There has been a surprising amount of gloom and doom about the FMA about these parts. The problem, I think, has to do with the framing of the issue.
The debate about the FMA does not need to be about "gay marriage"; it should be framed as a discussion about these core values:
Federalism; Equality; Liberty and Autonomy; Fairness; Separation of Church and State; and Constitutional Restraint. Opponents of the FMA should also emphasize that the FMA threatens both Civil Unions and the institution of Marriage itself.
Properly understood, the proposed Federal Marriage Amendment would tread on so many core principles . . .
. . .that it is unworthy of serious consideration for inclusion in our Constitution.
Here are some important values that are at stake:
Federalism - the FMA side is against traditional federalism: they want the Federal Government to do something it has never done before, namely regulate marriage. That is a core state function. Some states have community property; others don't. Some have different age limits from others. Some have different rules about cousin marriage from others. Conservatives who don't want Federal meddling in local and state affairs should be strongly opposed to this attempt to destroy state power and increase federal power.
Equality - equal protection is a core value, and every amendment to the constitution so far that has dealt with equal protection has extended it. The FMA is anti-equality, and it would be the first amendment to go in the wrong direction in this respect.
Liberty and autonomy - the FMA improperly intrudes on individual choices about intimate relationships.
Fairness - the FMA would permanently enshrine unfair treatment of people for arbitrary reasons.
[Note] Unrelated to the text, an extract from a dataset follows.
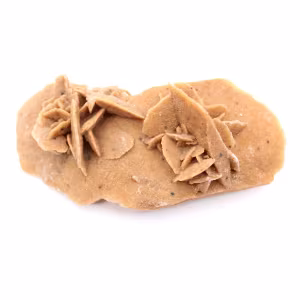 Rose des sables allongée du Maroc : spécimen géologique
Separation of church and state - the primary impetus for the FMA comes from people who openly avow their desire to put "the sanctity of marriage" into the Constitution. The Constitution does not sanctify anything, and it should not. Sanctity is a church function. Similarly, most opposition to same-sex marriage comes from a belief that churches should not recognize such marriages. That is not an issue that the Constitution can or should resolve. The Constitution as it now stands leaves it to each religion to decide what marriages to recognize.
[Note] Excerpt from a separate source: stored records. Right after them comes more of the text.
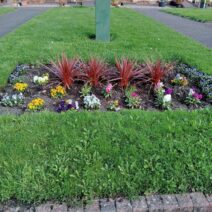 New Community Garden for Mitchell Gardens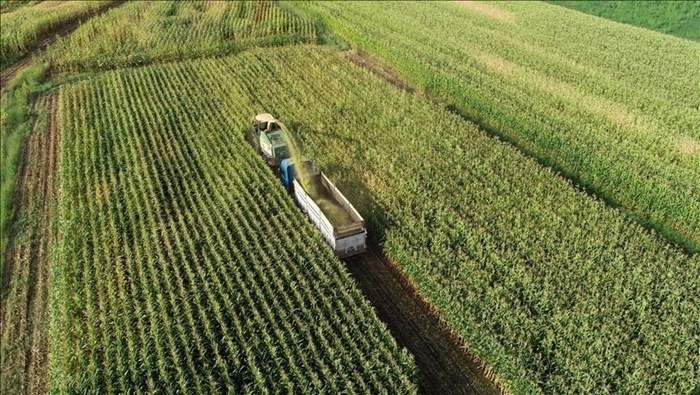 Çiftçilere yaklaşık 1,3 milyar liralık tarımsal destekleme ödemesi bugün yapılacak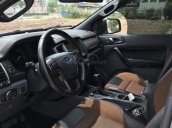 Bán Ford Ranger sản xuất 2017, màu bạc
Constitutional restraint - the Federal constitution has been amended 17 times since the Bill of Rights. It should not be changed when it is not necessary. There is no compelling reason to change the constitution over this issue, which is better left to state and federal legislation and the courts.
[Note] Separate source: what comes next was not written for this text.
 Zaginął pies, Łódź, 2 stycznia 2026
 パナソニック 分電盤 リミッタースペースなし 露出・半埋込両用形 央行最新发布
Civil unions - the Musgrove version of the amendment is being promoted as allowing civil unions, but the language of the amendment ("marriage or its incidents") could easily be read by the courts to prohibit civil unions as well. No court is likely to interpret a constitutional amendment as merely regulating the use of a single word; "marriage-like" relationships may well be swept within its prohibitions as well. Thus the FMA as currently proposed is a much more extreme measure than its proponents admit or most people would accept. Assurances from the proponents of the measure are worth little, since ---if it passes--- it is the courts that would open this Pandora's box and tell us what is inside.
Marriage - the FMA is anti-marriage. Marriage benefits society by providing a stable and predictable environment for children and for adults who form permanent commitments to each other. The FMA will not reduce the number of same-sex couples or the number of children being raised in families headed by same-sex couples, but it will force these families to exist outside the institution of marriage. It would make it impossible for states to take measures they see fit to protect the stability of these families.